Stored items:
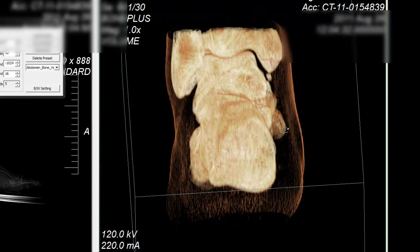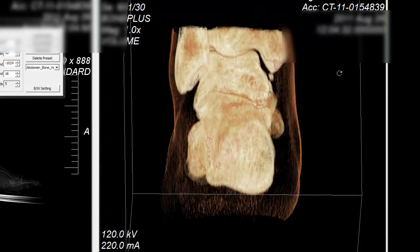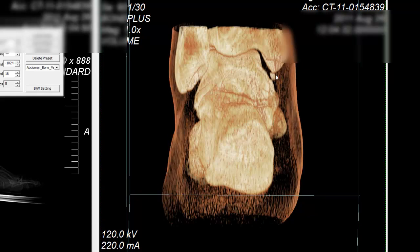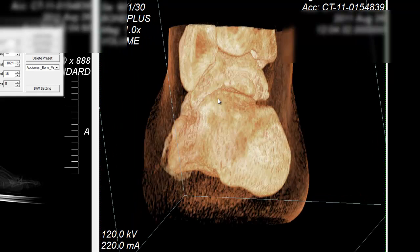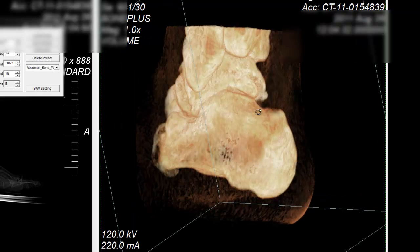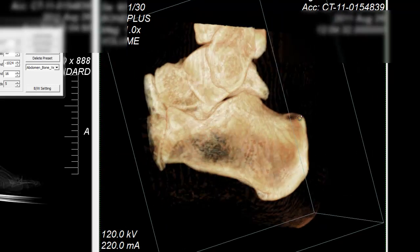Here we go, this is the heel of my foot. We got a piece, this piece over here. This doesn't look right. We got some piece right there. I don't know if that's a piece or what. It doesn't look like it's attached.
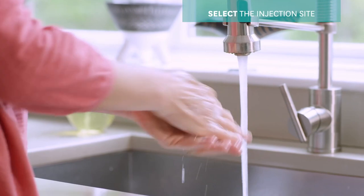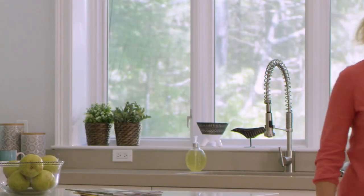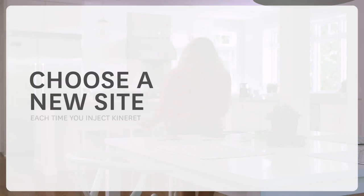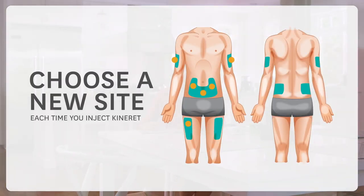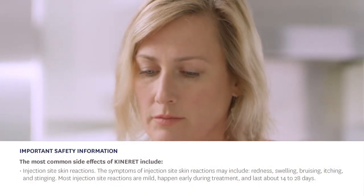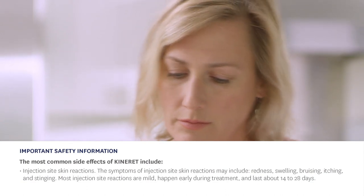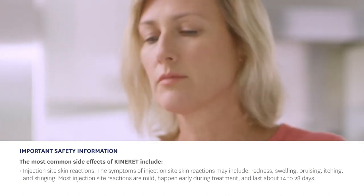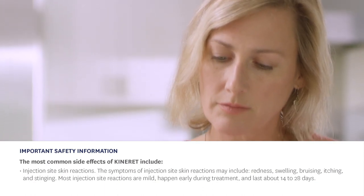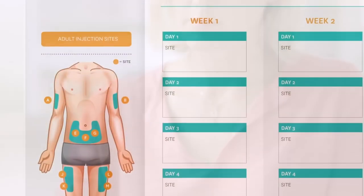Now it's time to select your injection site. Be sure to choose a new site each time you inject Kinneret. Rotating sites is really important because injection site skin reactions are the most common side effect with Kinneret. Most people get these reactions, which may be redness, swelling, bruising, itching, or stinging at the injection site. Injection site skin reactions are most common during the first month of treatment and they usually go away after about 14 to 28 days.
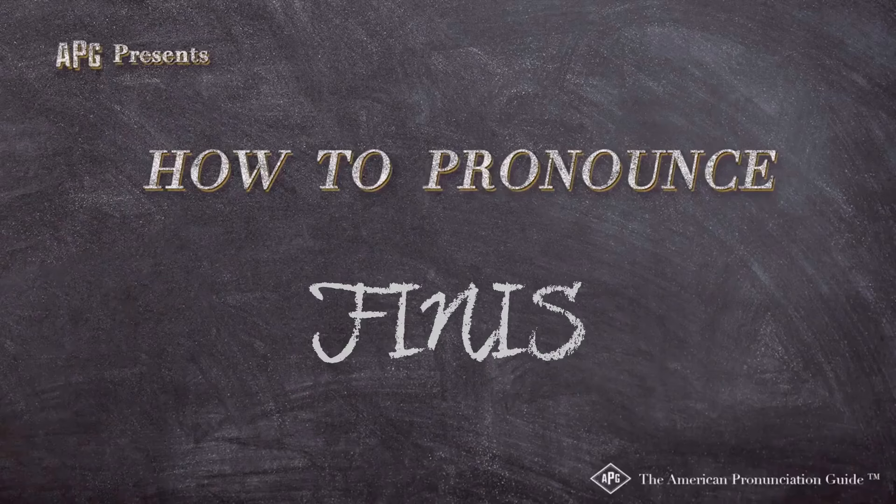The American Pronunciation Guide presents: How to Pronounce 'Finis' — sort of a word nobody really knows about.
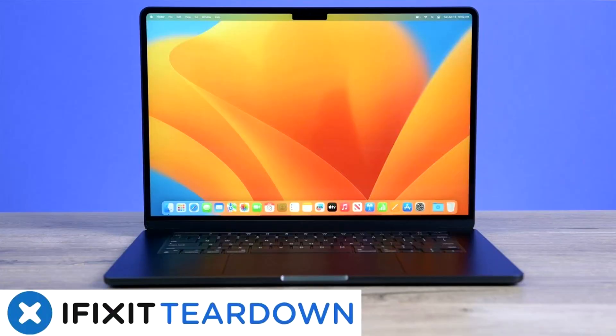iFixit has released their teardown and evaluation video covering Apple's brand new M2 MacBook Air model. This 15-inch screen variant was announced at WWDC 2023 and was released to retail soon after. The test unit has an A2941 model number and looks not too far removed from the 13-inch equivalent externally and internally, but the 15-incher is 22% heavier.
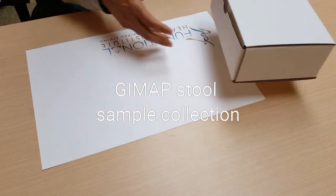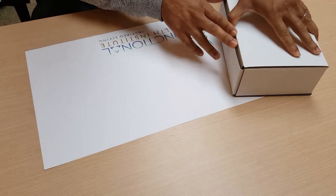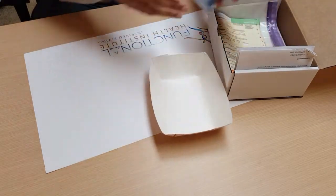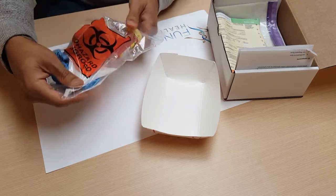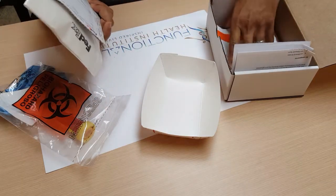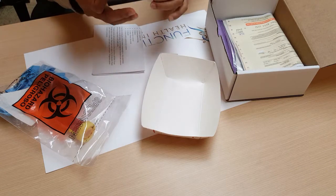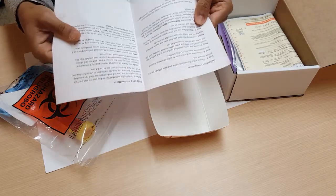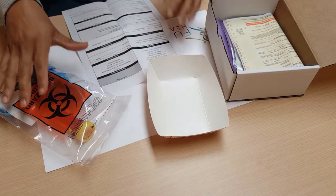This is what their box looks like. Whenever you're starting to make any type of lab collection, you want to familiarize yourself with what's inside the box. When you open this box, you'll find a paper tray, a bag that has a yellow vial in it with red solution, two rubber gloves, and an absorbent pad. You also have shipping information — the shipping is prepaid — along with FedEx shipping materials and two very important pieces of paper: your lab requisition form and the actual instructions.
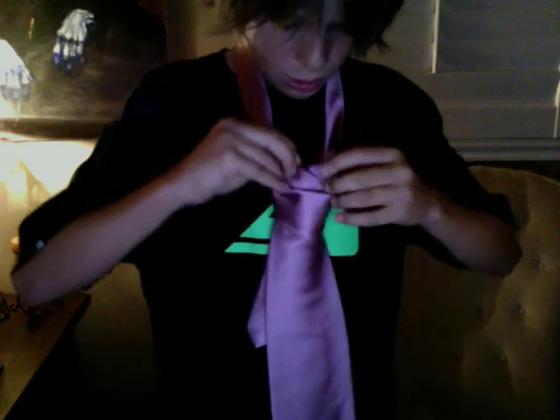Then it's going to look a little big like this, so you want to straighten it out a little. And if you want it to be more triangular — like a triangle up here — you're going to pinch it and then pull it up, and it'll be just like that.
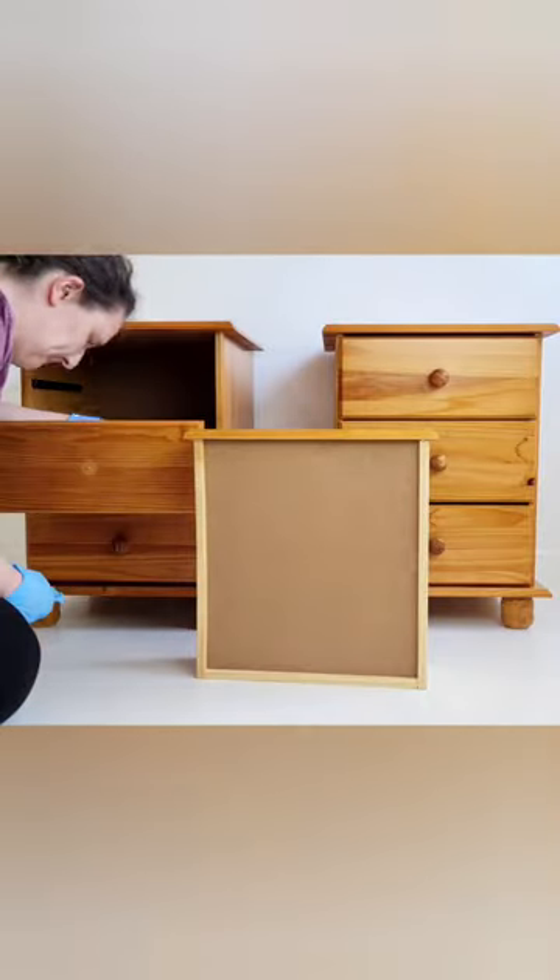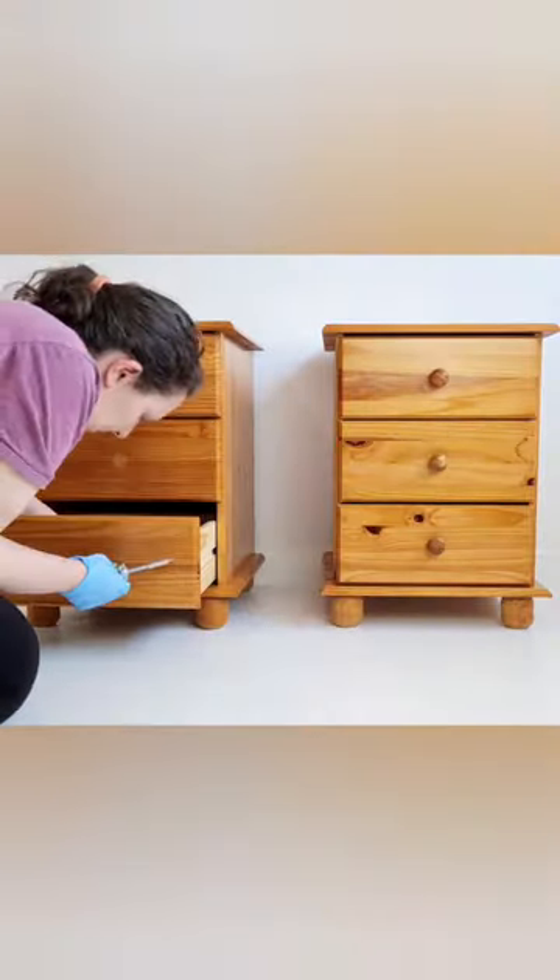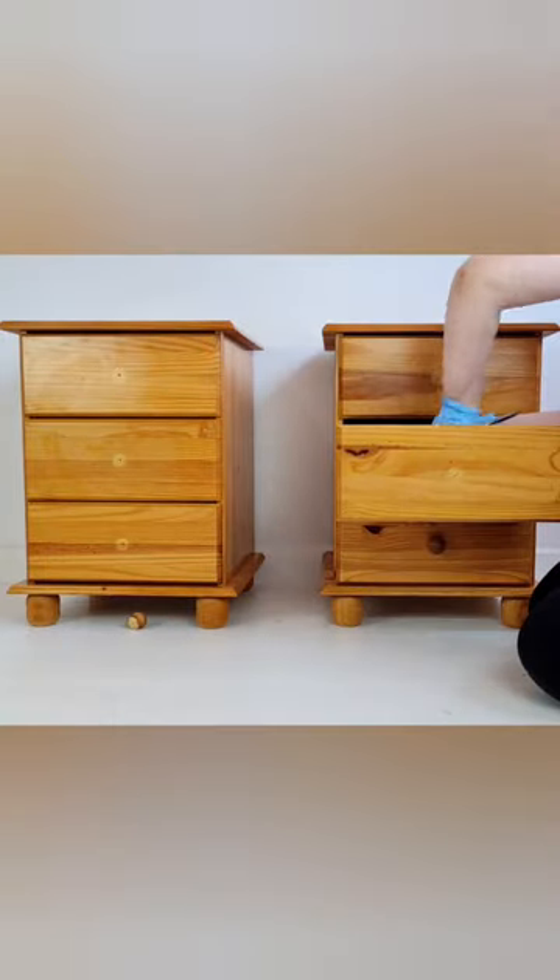And I have big plans for these, involving a lot of power tools and a lot of different things. So stay tuned to see what I'm doing with these.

PROBLEM TO SOLVE »
In the entries above, find the line containing "This is what" and the line containing "Then it's going"; give again exactly those two lines and every line between them, minus the pictures.

RESPONSE FOR THIS EXERCISE »
This is what their box looks like. Whenever you're starting to make any type of lab collection, you want to familiarize yourself with what's inside the box. When you open this box, you'll find a paper tray, a bag that has a yellow vial in it with red solution, two rubber gloves, and an absorbent pad. You also have shipping information — the shipping is prepaid — along with FedEx shipping materials and two very important pieces of paper: your lab requisition form and the actual instructions.
Then it's going to look a little big like this, so you want to straighten it out a little. And if you want it to be more triangular — like a triangle up here — you're going to pinch it and then pull it up, and it'll be just like that.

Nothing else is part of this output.